I've opted for reversing the lookup order, which is *NOT* supported by Directory Services. I'm still puzzling this one out (and there are some nasty gotchas involved, methinks - how NetInfo binds is determined by the Location in the Network System Pref... and you can't change it unless you're logged in as an authorized user. So, imagine that your Location is OnLAN, and you're binding to the server absolutely for user info. You then change the Location to Offline to prepare to shut down and leave work... except when the Finder (and all else) wants to shut down, it attempts to write the prefs, etc, to the *LOCAL* Home directory, instead of the Home on the Server that it *started* with. Bad. Conversely, if you instead decide to just shut down, and change it after booting next time, it can't find the NetInfo server, and hangs for a couple of minutes at boot, until it gives up. Then you can login and change the Location. But, I haven't determined that this doesn't alter the NetInfo bindings for the OnLAN Location, since Apple's done a good job of having the settings auto-configure. So, you basically seem to have to choose between bad app shut down (baaaaaaad) or an incredibly slow boot (annoying). I've poked around considering how Apple might add Location selection at boot, ala MacOS 9, but the GUI services are about the *LAST* item to launch at boot, far, far, after the Location is determined and set by DirectoryServices. So, this would likely have to be added to the Firmware, ala the boot picker that appears when Option is held down. Nasty problem.)

*whew*

Bottom line: interesting problem, eh?

[kman42]

Thanks. Do I have to add machine records for the portables in the shared domain?

kman

[Nyuni]

You shouldn't have to add machine records if you're just looking to have a simple shared domain on your server. I've set up a simple NetInfo domain for work, and it basically entailed creating a new Parent domain on the server with the network tag "network" and then using NetInfo Domain Setup on the server to "This machine is a parent". The quirky thing about it is, when it asks for a parent domain in NetInfo Domain Setup, you have to enter the server's IP address and the "Network" network tag in there, so it basically looks at itself.
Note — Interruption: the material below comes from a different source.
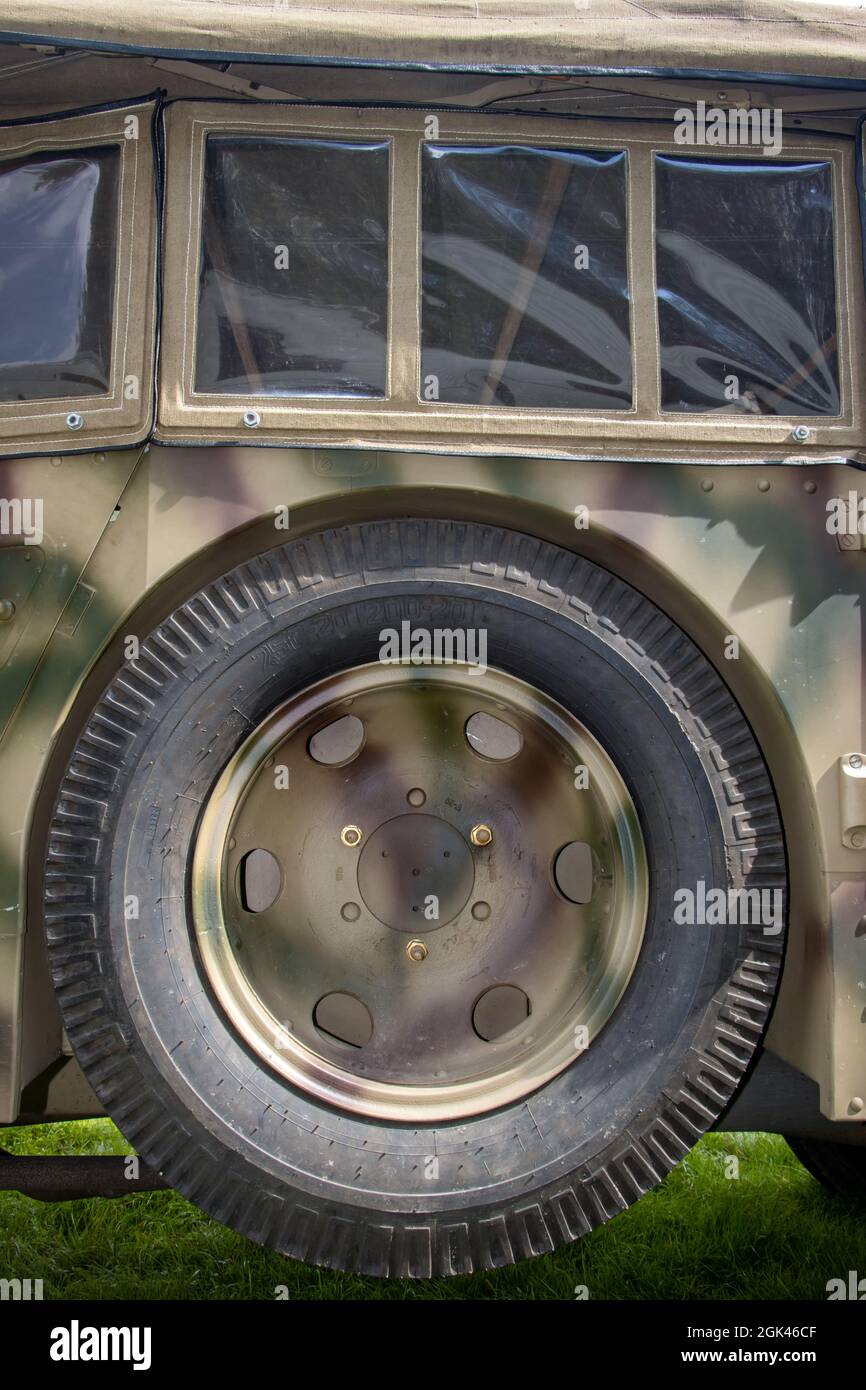 A spare wheel attached to the body of an retro army vehicle Stock Photo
Then, populate the domain with users and shares by using the Server Admin application, The setup on the clients is pretty easy, use the "Directory Setup" app on both clients to make sure NetInfo is enabled (checkbox is checked) and under Configuration for Netinfo, check "Attempt to connect to a specific NetInfo server" and pop in the server's IP address and the network tag of the parent domain "network" (as default.) Click OK, reboot the clients, and if the gods are smiling upon you, you should be able to login. Phew. NetInfo is /way/ too complicated and convoluted for something as simple as setting up an authentication and filesharing domain. Apple really should spend some time polishing that sucker up.

Anyway, HTH.

[kman42]

I created a parent domain, used Domain Setup to set 'this machine is a parent" with tag 'network'. I populated the domain with sharepoints (my two drives and /Users) and users. When I login from the portable I get an error saying that it couldn't find the Home directory, perhaps the Users or Home directory has been moved.
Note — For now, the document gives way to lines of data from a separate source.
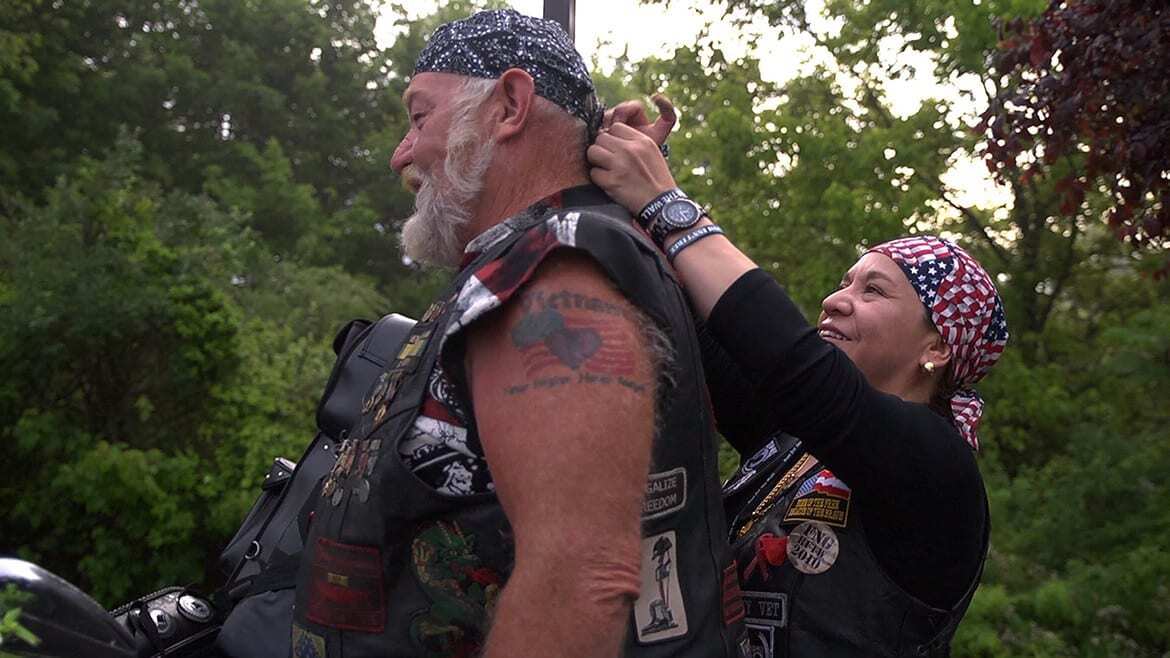 Woman ties bandana on man's head.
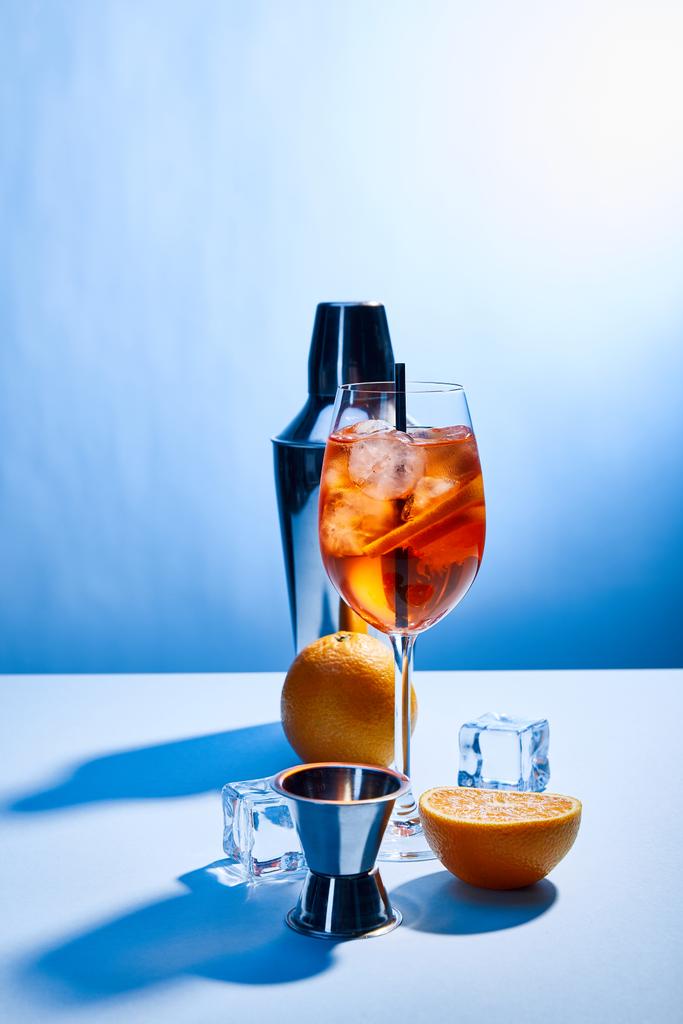 cocktail Aperol Spritz, sinaasappels, shaker, ijsblokjes en maatbeker op blauwe ondergrond  - Foto, afbeelding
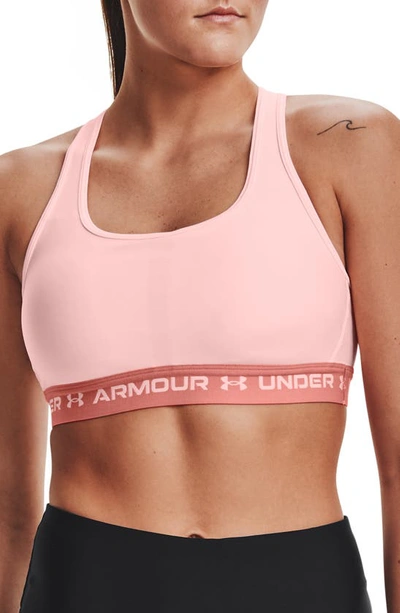 Shop Under Armour Heatgear(r) Mid Cross Back Sports Bra In Beta Tint / Stardust Pink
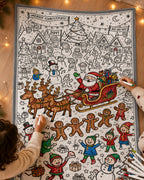 Plaid de Noël motif Village du Père Noël en cours de coloriage, avec le traîneau et les rennes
Note: I can Connect to... the server when logged into the portable as another user (local to the portable) if I use the username and password for the shared user. This gives me the option of mounting either one of my drives or the /Users folder as you would expect given my sharepoint setup. This leads me to believe that perhaps my Home folder directory is screwed up in NetInfo (although I can log on using the shared user if I do it from the G4 (the machine that hosts the shared domain)). Do these values look correct:

home
/Network/Servers/localhost/Users/kurtman

home_loc
<home_dir><url>afp://localhost/Users/</url><path>kurtman</path></home_dir>

thanks,
kman

Also, even after a clean install I can't get server to display a list of users in the login panel. I just get the basic panel with username and password no matter how I set it up in preferences.